■ **Work instruction**: Would you repeat the listing below exactly, with no pictures in it?

■ **Dataset excerpt**:

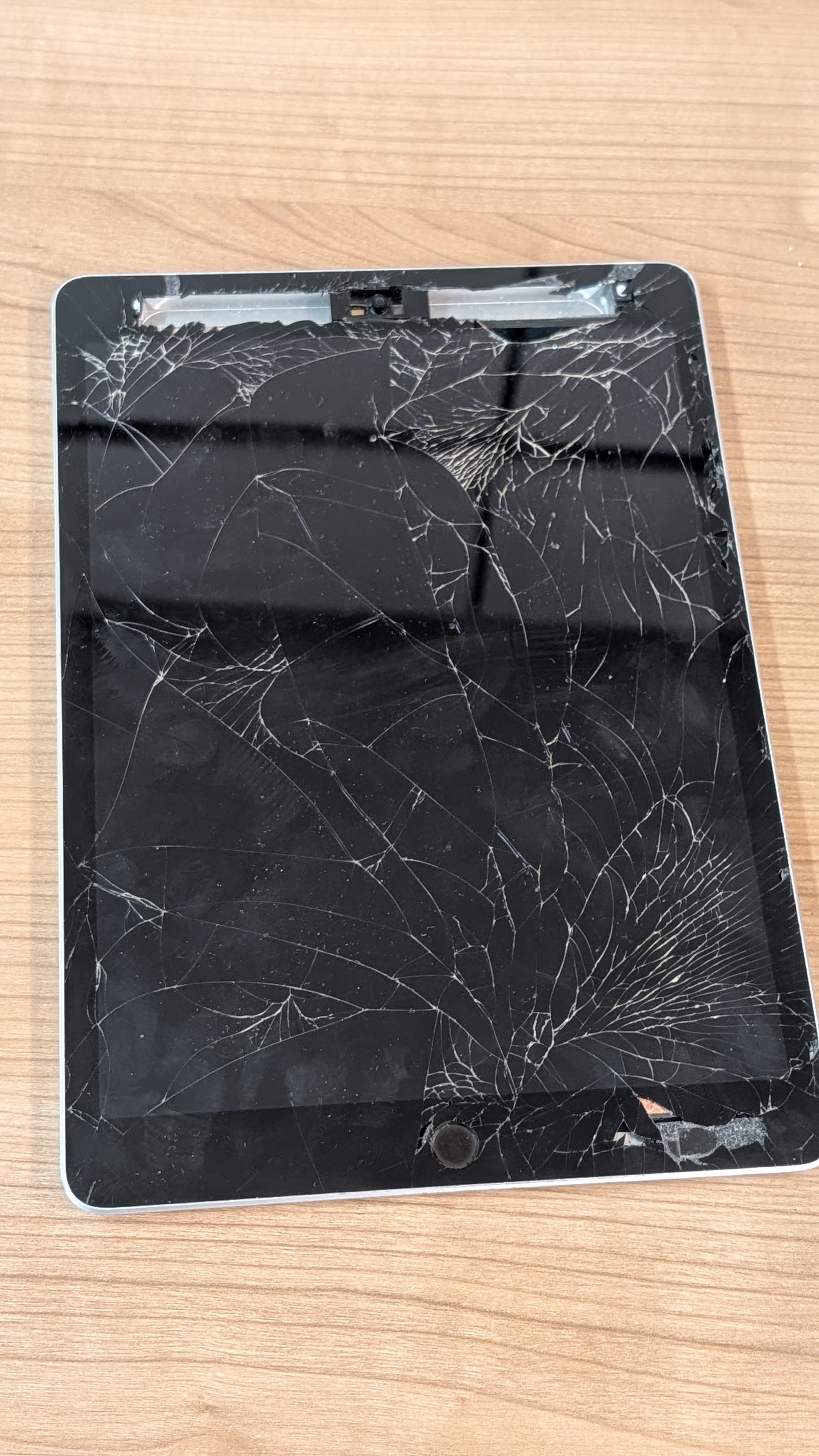 Før: iPad 8 – Skjermbytte med original skjerm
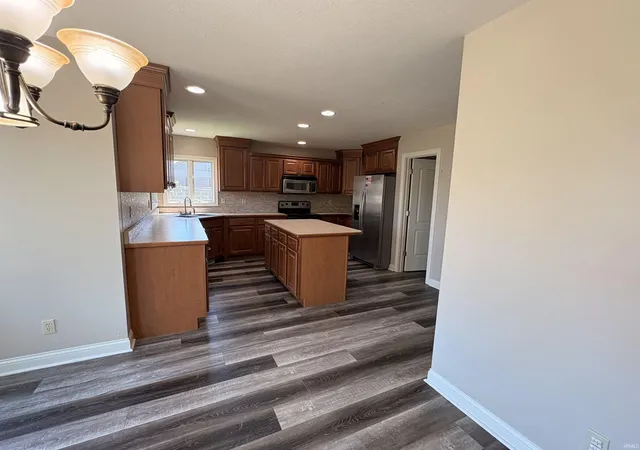 4th image of 3000 Waterford Ln, Muncie, IN 47304 | MLS# 202621109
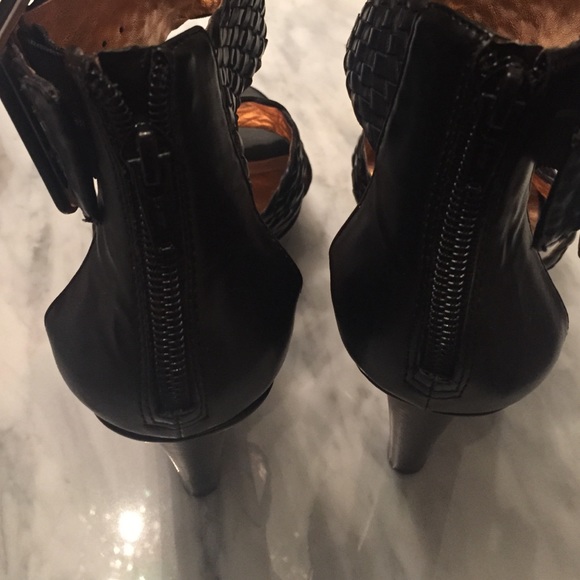 BCBGeneration Zip-back Braided Wedges. Sz.9 NEW - Picture 4 of 4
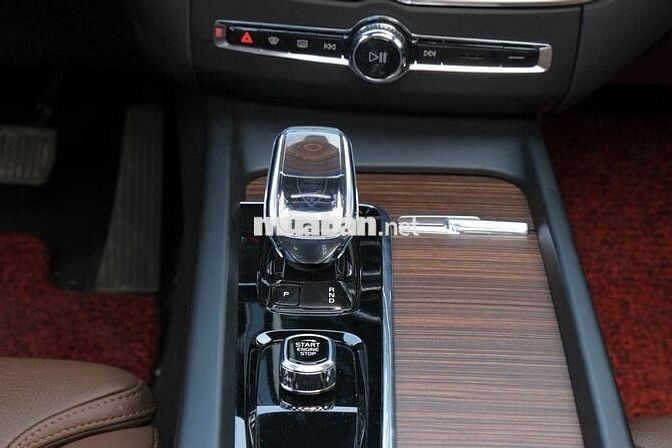 Volvo XC60 2022 Hybrid - 40 nghìn km Trắng Ngọc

■ **Response box**:
 Før: iPad 8 – Skjermbytte med original skjerm
 4th image of 3000 Waterford Ln, Muncie, IN 47304 | MLS# 202621109
 BCBGeneration Zip-back Braided Wedges. Sz.9 NEW - Picture 4 of 4
 Volvo XC60 2022 Hybrid - 40 nghìn km Trắng Ngọc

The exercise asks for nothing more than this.